BEGIN

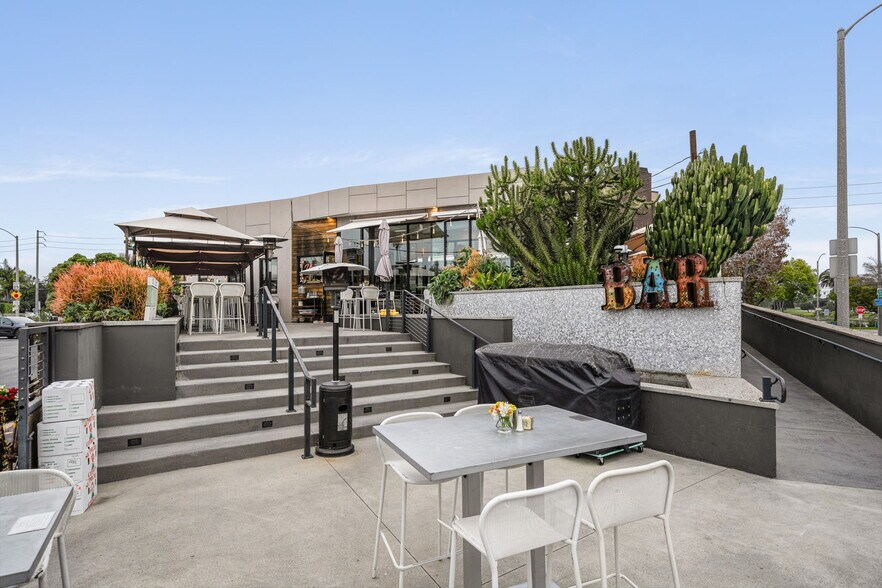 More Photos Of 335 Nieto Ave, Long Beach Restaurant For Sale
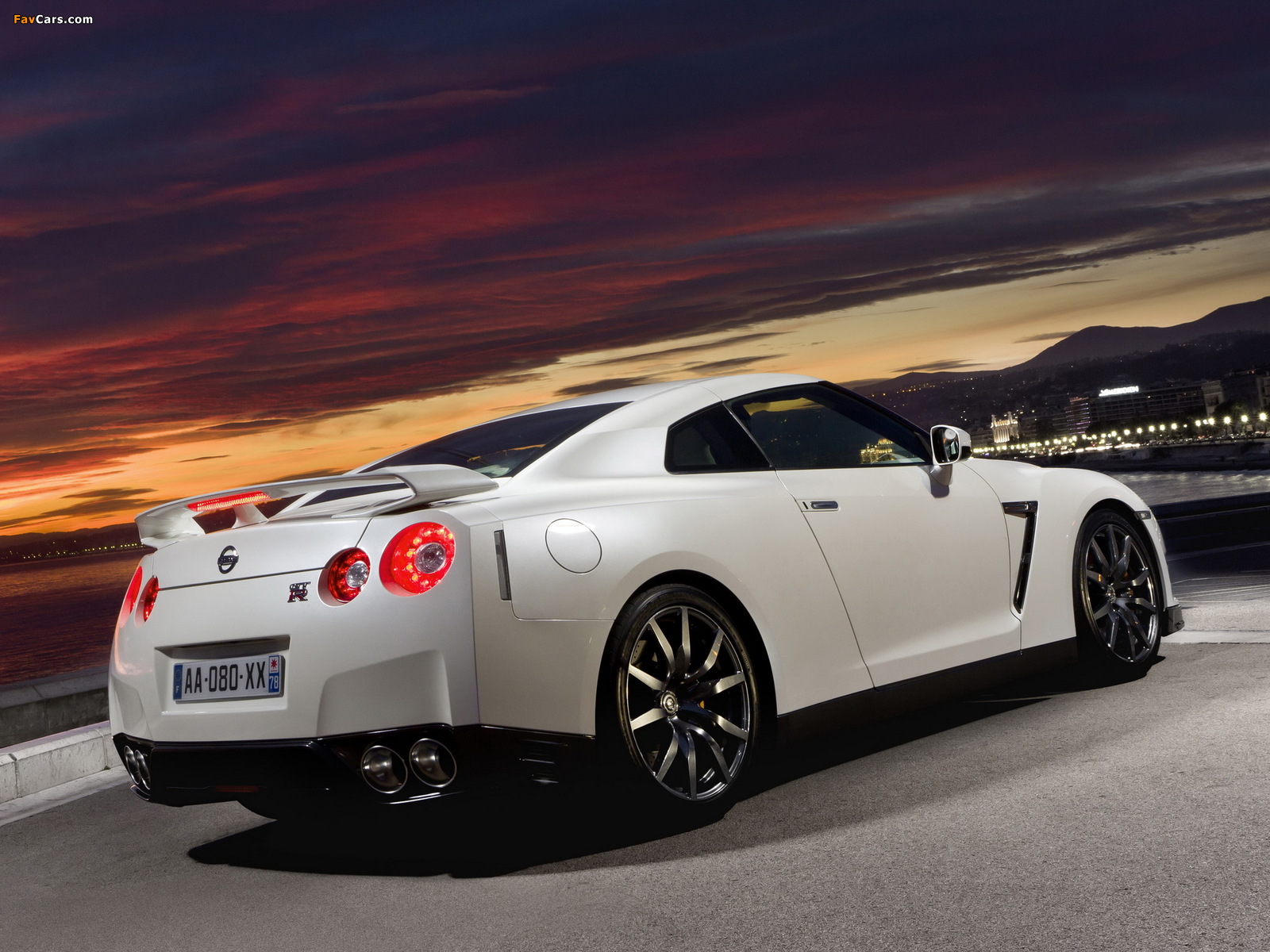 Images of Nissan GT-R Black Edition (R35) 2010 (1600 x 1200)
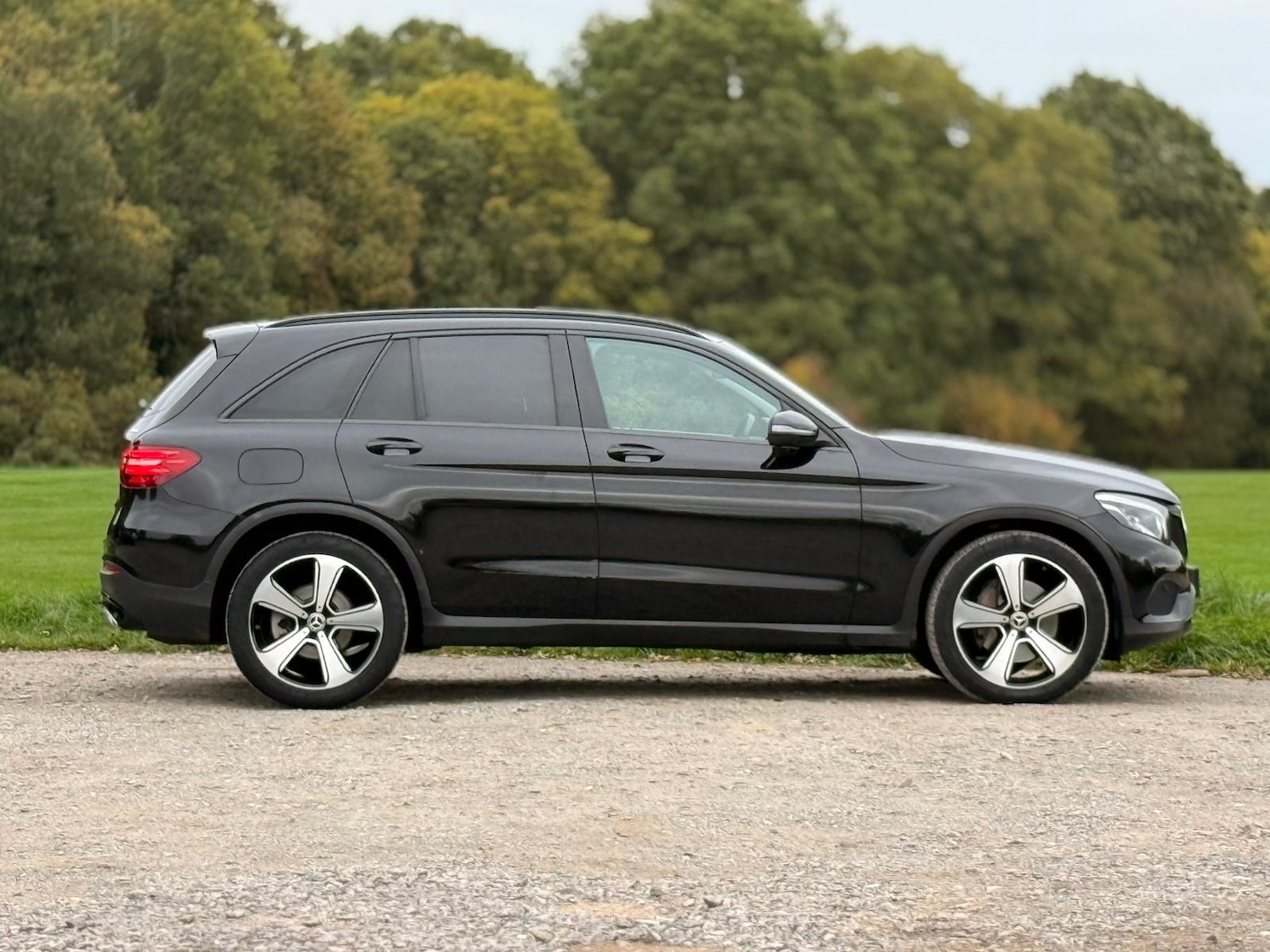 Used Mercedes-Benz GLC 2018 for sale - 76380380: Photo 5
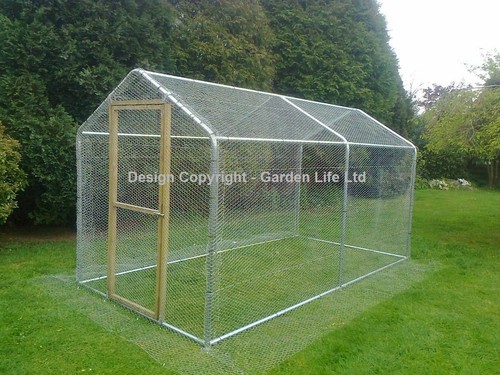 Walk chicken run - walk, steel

END

## [Exercise requirements]
The expected answer is an unaltered copy of the listing, images removed.

## [Completed task]
 More Photos Of 335 Nieto Ave, Long Beach Restaurant For Sale
 Images of Nissan GT-R Black Edition (R35) 2010 (1600 x 1200)
 Used Mercedes-Benz GLC 2018 for sale - 76380380: Photo 5
 Walk chicken run - walk, steel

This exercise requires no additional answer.